The breach was detected after the Inquirer’s content management system unexpectedly dropped. Attackers gained unauthorized access to the newspaper’s systems between May 11, 2023, and May 13, 2023.
The stolen data included personal and financial information of 25,549 individuals.
Specifically, the exposed information consisted of:
- Names and other personal identifiers
- Financial account numbers
- Credit/debit card numbers (in combination with security codes, access codes, passwords, or PINs)
While the exact weakneses remain undisclosed, potential vulnerabilities could include:
- System Vulnerabilities: Exploiting unpatched software or misconfigured systems.
- Third-Party Risks: Assessing security practices of vendors or partners.
- Insufficient Access Controls: Weak controls allowing unauthorized access.
This data breach has been discovered as follows:
- The Inquirer became aware of suspicious activity on May 13, 2023.
- Third-party cyber specialists were engaged to investigate the breach.
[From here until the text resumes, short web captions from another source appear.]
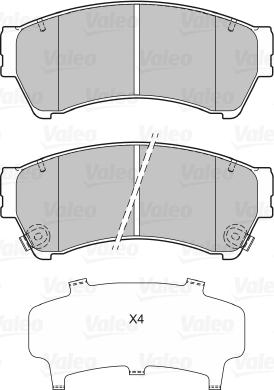 Valeo 601065 - Kit pastiglie freno, Freno a disco autozon.pro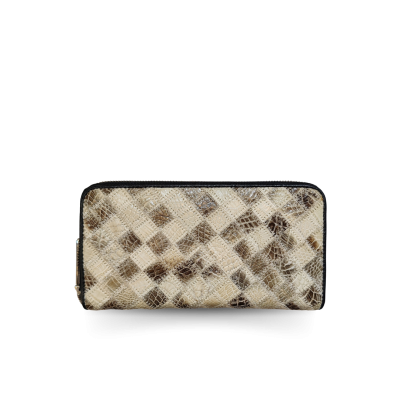 CROCODILE LEATHER LONG MEDIUM ZIPPED WALLET : CW01PWMR
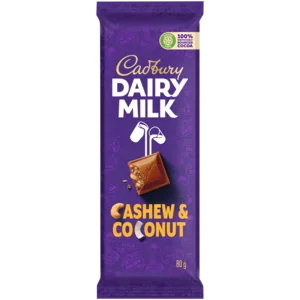 Cadbury Dairy Milk Cashew & Coconut Chocolate Slab 80g Cadbury Dairy Milk Cashew & Coconut Chocolate Slab 80g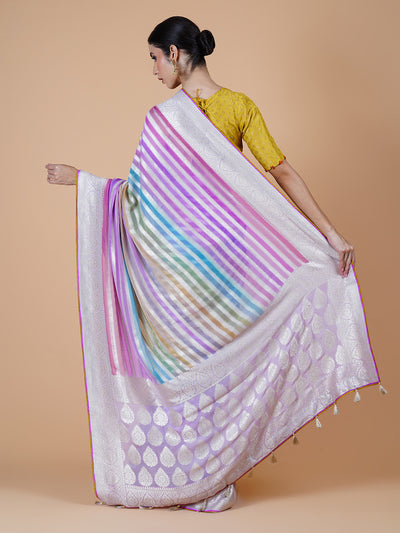 Satrangi Pink Khaddi Georgette Sari
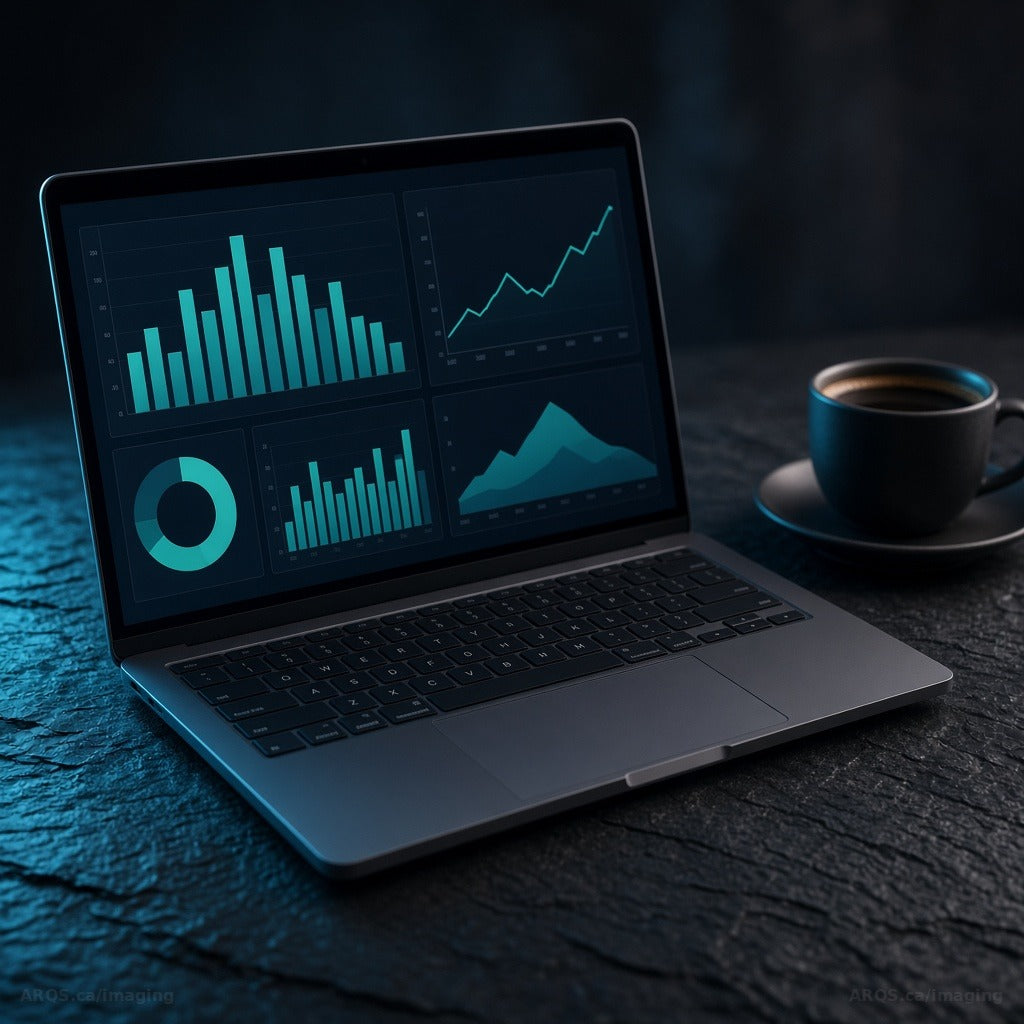 Laptop on a dark slate desk showing a teal cloud cost dashboard beside a cup of black coffee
- The breach was likely discovered through monitoring or incident response efforts.
The breach affected over 25,000 individuals, exposing their personal and financial details; among other consequences, we can mention:
- Home-delivery subscribers were asked to catch up with news via the Inquirer’s website, which remained unaffected.
- No payment information or passwords were compromised.
The company’s response and recovery strategy has been:
- The Inquirer notified affected individuals and offered 24 months of free Experian credit monitoring and identity restoration services.
- The nature of the attack was not publicly disclosed.
- The Cuba ransomware gang claimed responsibility, but the Inquirer disputed the authenticity of leaked documents.
- The FBI and CISA have been involved in investigating the incident.
To prevent similar breaches:
- Strengthen system security and access controls.
- Regularly assess third-party security practices.
- Enhance incident detection and response capabilities.
And remember: Even reputable organizations like the Inquirer are vulnerable to cyberattacks; swift response, transparency, and proactive security measures are critical.